== Input data ==

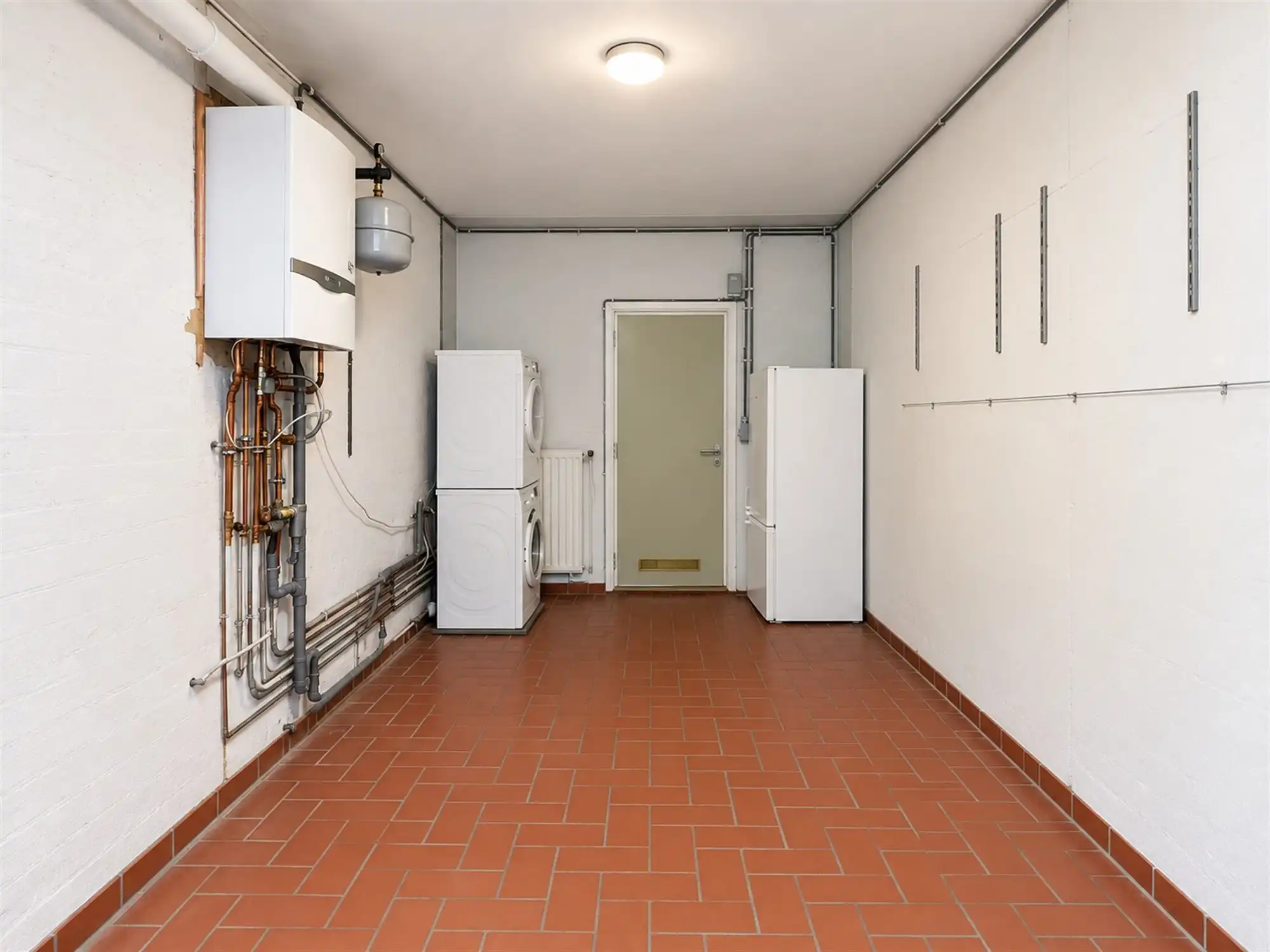 Gelijkvloers appartement met 2 slpk, garage en tuintje foto 14
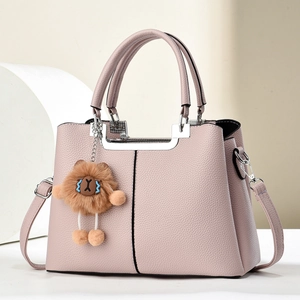 Pink lychee grain leather handbag with a plush lion charm and adjustable shoulder strap
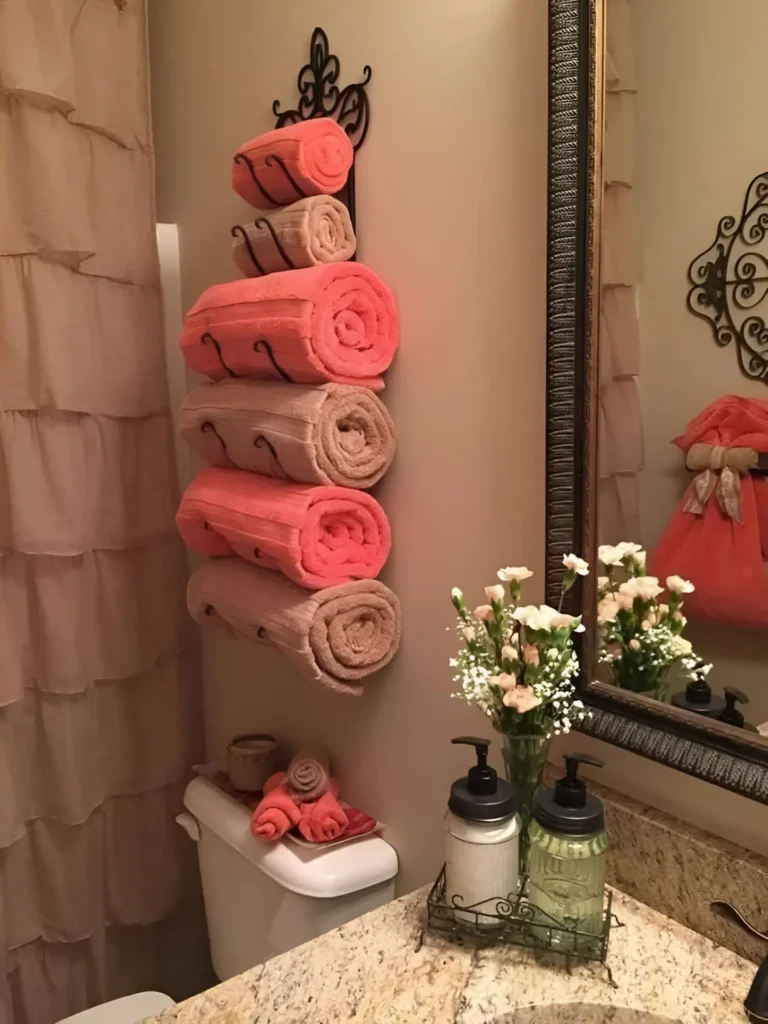 Dark metal vertical towel rack mounted on a wall next to a toilet, holding several rolled towels in alternating coral and beige colors.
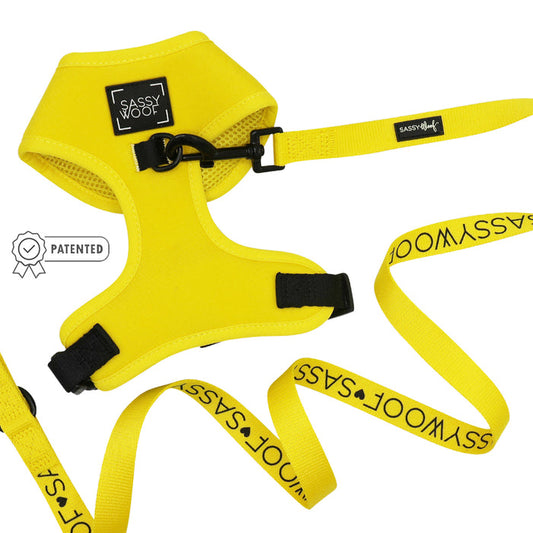 The Sassy Woof Dog Two Piece Bundle - Neon Yellow features a bright, adjustable dog harness and leash with black clasps and patented icon, ideal for your puppy's growth—shown on a white background.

===

#### What is being asked:
Repeat the line containing "Dark metal vertical" and every line after it up to the end of the material above, exactly as they stand, minus the pictures.

#### Expected answer:
 Dark metal vertical towel rack mounted on a wall next to a toilet, holding several rolled towels in alternating coral and beige colors.
 The Sassy Woof Dog Two Piece Bundle - Neon Yellow features a bright, adjustable dog harness and leash with black clasps and patented icon, ideal for your puppy's growth—shown on a white background.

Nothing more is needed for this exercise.